Problem statement >> Once the images are removed, repeat all of the entries exactly.

=== Begin Enclosure ===

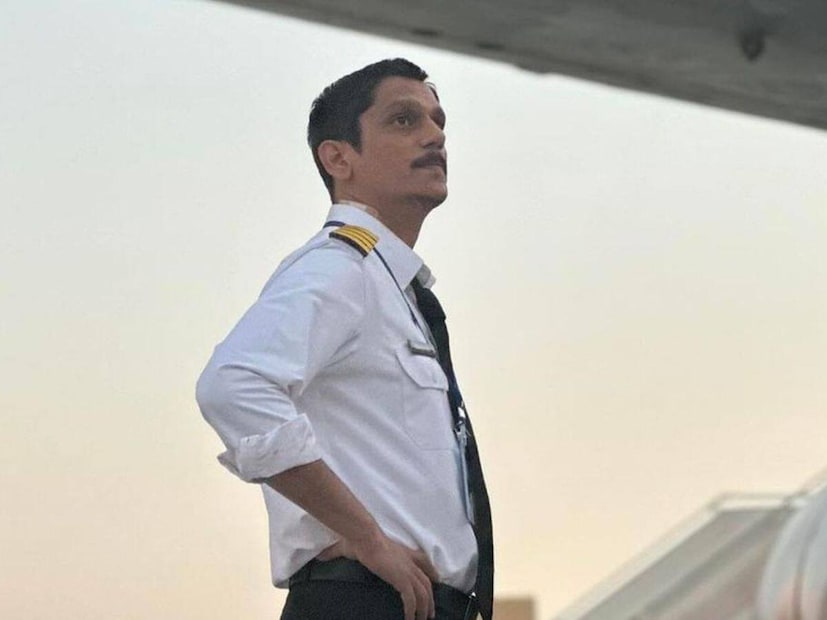  മൂന്ന് മാസം കോൾ സെന്ററിൽ ജോലി ചെയ്തെങ്കിലും അദ്ദേഹം അത് ഉപേക്ഷിച്ചിച്ചിരുന്നു. സിം കാർഡുകൾ വിൽക്കുന്ന ഒരു മൊബൈൽ കമ്പനിയിലും അദ്ദേഹം പ്രവർത്തിച്ചിരുന്നു. ആ കാലയളവിൽ, കാലാവസ്ഥ പരിഗണിക്കാതെ ദിവസവും 30 മുതൽ 40 കിലോമീറ്റർ വരെ ബൈക്കിൽ സഞ്ചരിച്ച് ജോലി ചെയ്യേണ്ടി വന്നിരുന്നെന്നും വിജയ് വർമ്മ വ്യക്തമാക്കി.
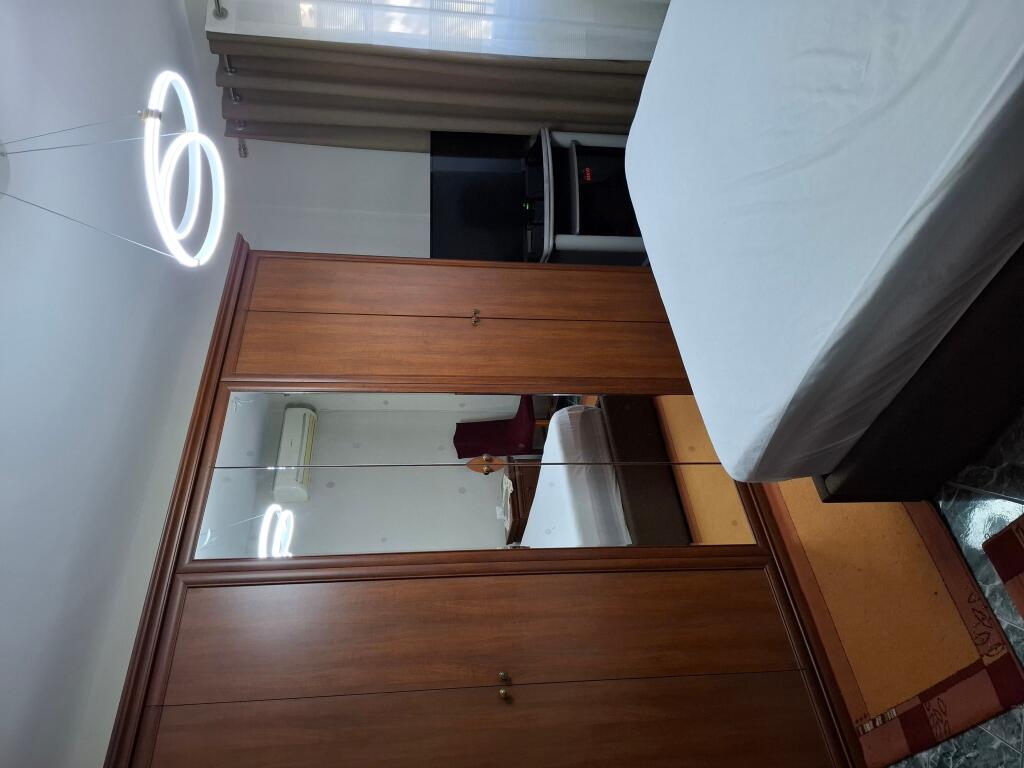 Jepet me qera apartment 2+1, rruga Mine Peza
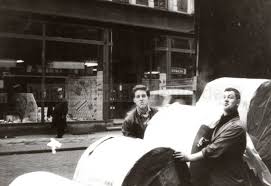 Nun ja, es war wohl eher „liebe, herz, schmerz oder. Sollen Manner Geschirr Spulen Ein Historisches Szenario Der Jugendkultur In Wanne Eickel 1956 57 Herne Von Damals Bis Heute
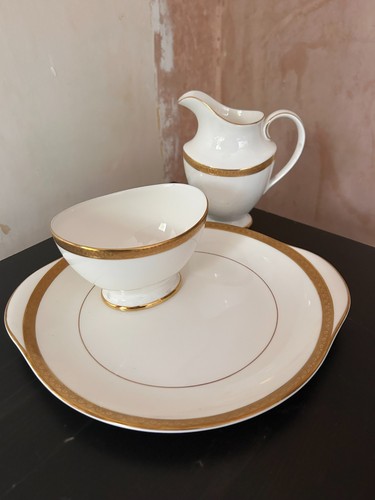 Royal doulton gold - doulton,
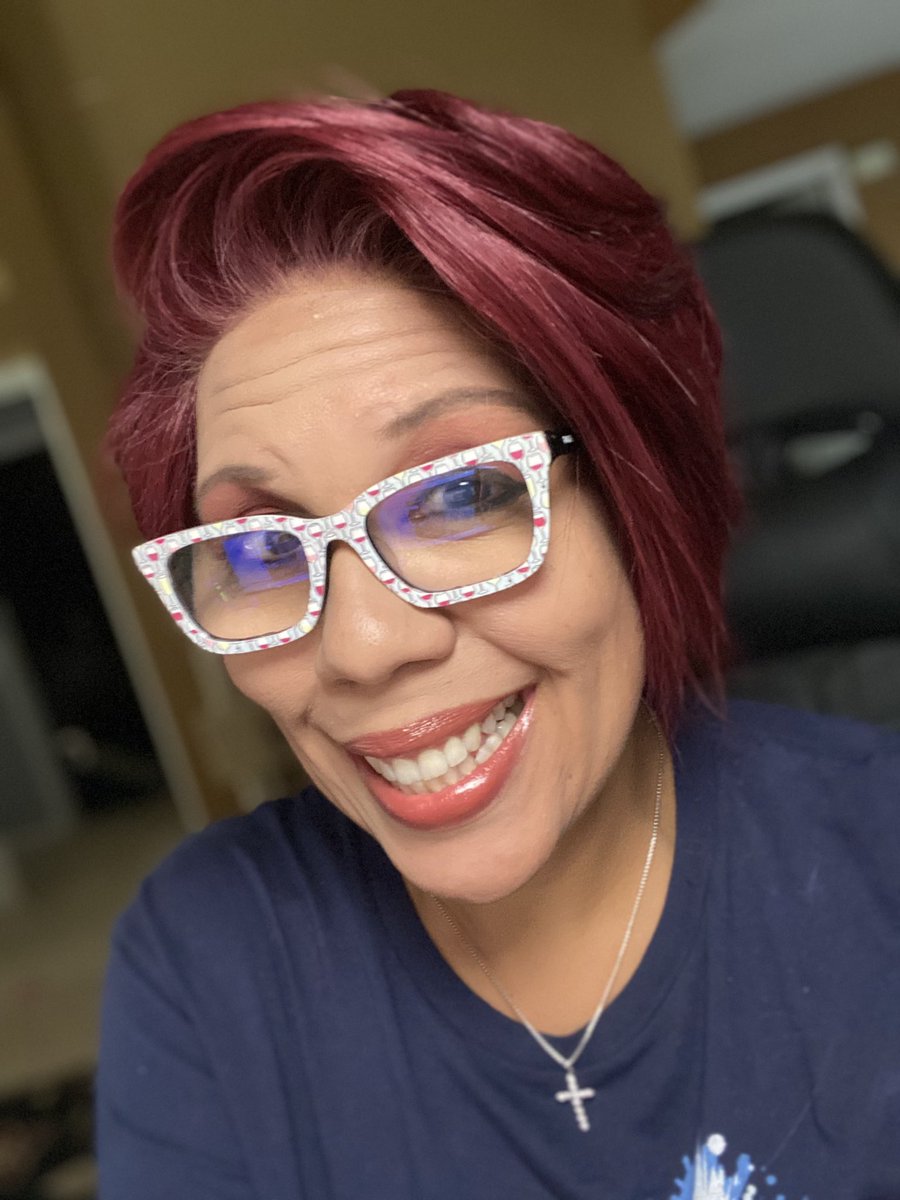 erikaswalwell's tweet photo. Since this seems to be my signature color, Iโm on a quest to find the best burgundy/red wigs. Im not mad at this one โค๏ธโค๏ธโค๏ธ @SensationnelUS #sensationnel #whatlace #keshona #redwigs #alternativehair #alopecia https://t.co/mbgi4qfQYE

=== End Enclosure ===

Worked solution >>
  മൂന്ന് മാസം കോൾ സെന്ററിൽ ജോലി ചെയ്തെങ്കിലും അദ്ദേഹം അത് ഉപേക്ഷിച്ചിച്ചിരുന്നു. സിം കാർഡുകൾ വിൽക്കുന്ന ഒരു മൊബൈൽ കമ്പനിയിലും അദ്ദേഹം പ്രവർത്തിച്ചിരുന്നു. ആ കാലയളവിൽ, കാലാവസ്ഥ പരിഗണിക്കാതെ ദിവസവും 30 മുതൽ 40 കിലോമീറ്റർ വരെ ബൈക്കിൽ സഞ്ചരിച്ച് ജോലി ചെയ്യേണ്ടി വന്നിരുന്നെന്നും വിജയ് വർമ്മ വ്യക്തമാക്കി.
 Jepet me qera apartment 2+1, rruga Mine Peza
 Nun ja, es war wohl eher „liebe, herz, schmerz oder. Sollen Manner Geschirr Spulen Ein Historisches Szenario Der Jugendkultur In Wanne Eickel 1956 57 Herne Von Damals Bis Heute
 Royal doulton gold - doulton,
 erikaswalwell's tweet photo. Since this seems to be my signature color, Iโm on a quest to find the best burgundy/red wigs. Im not mad at this one โค๏ธโค๏ธโค๏ธ @SensationnelUS #sensationnel #whatlace #keshona #redwigs #alternativehair #alopecia https://t.co/mbgi4qfQYE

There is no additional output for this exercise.